This gives me two symlinks anytime I hit hotsync on my palm (Sony Clie TH-55, actually):  /dev/pilot and /dev/pilot1

those two links go to the two devices created by the palm.  After that, I simply tell KPilot to use /dev/pilot1 and it always works, as long as I don't have more than one palm pilot plugged in and hotsyncing. =]

I'm told most palm devices use the second device... if it doesn't work for you to do /dev/pilot, just try /dev/pilot1

whichever works, it should be consistant. 

Good luck!  Feel free to ask for clarification if I wasn't very clear.  I'm not very good at writing HOWTO thingies

----------

## gentsquash

Thanks for your HOWTO; very useful to those of us who may

someday get a second serial/usb device

As to why two devices are allocated (second paragraph in your

post), it is possible that one device is the *cradle* and the

other is the handheld which is plugged-in to the cradle.  Indeed,

the signal from the cradle's hotsync button, may come in on a

different /dev device than the does the graphical hotsync

"button" on the handheld's screen.  

  Can some cognoscento clarify this?

----------

## taxilian

You know, I thought about that, but what I'm using as a "cradle" is a simple usb cable that plugs into the clie.. no aparent room for a serial-to-usb converter, so I can only assume that the converter is inside the clie... particularly since the clie can be used as a usb storage device as well.
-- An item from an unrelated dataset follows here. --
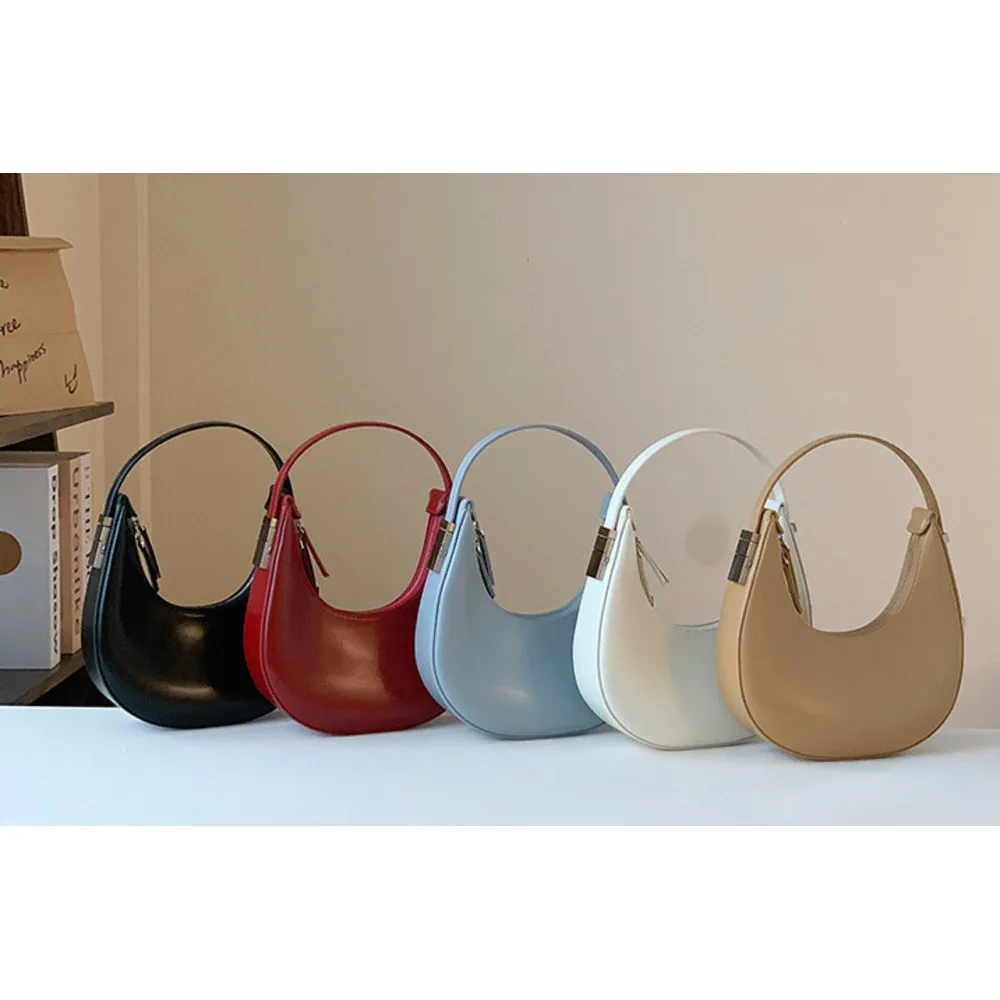 Schouder veelzijdige leren dames 2024 nieuwe high-end minimalistische oksel niche design halve maan tas_voghion.com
I know that palm m515s have a similar cable, with no adapter built into them.

Also, generally a serial adapter would show up in the sysfs as a different device type than the device it's connecting to.  Then again, I could be completely out in left field. :-/

Ironically enough, my hard drive had a head crash yesterday not long after I wrote this howto, so it's helping me as much as anyone else, 'cause I lost my fules file. =]

luckily the drive is under warantee, and I have a spare slightly smaller drive to use until I get the RMA

----------

## furbmeister

Thanks taxilian, this is what I was looking for  :Wink: 

----------

## cybermac912

Thanks for the tips. Filled in some holes from other HOW-TO's. Just wanted to post another tip on something that caught me (a udev newbie) up...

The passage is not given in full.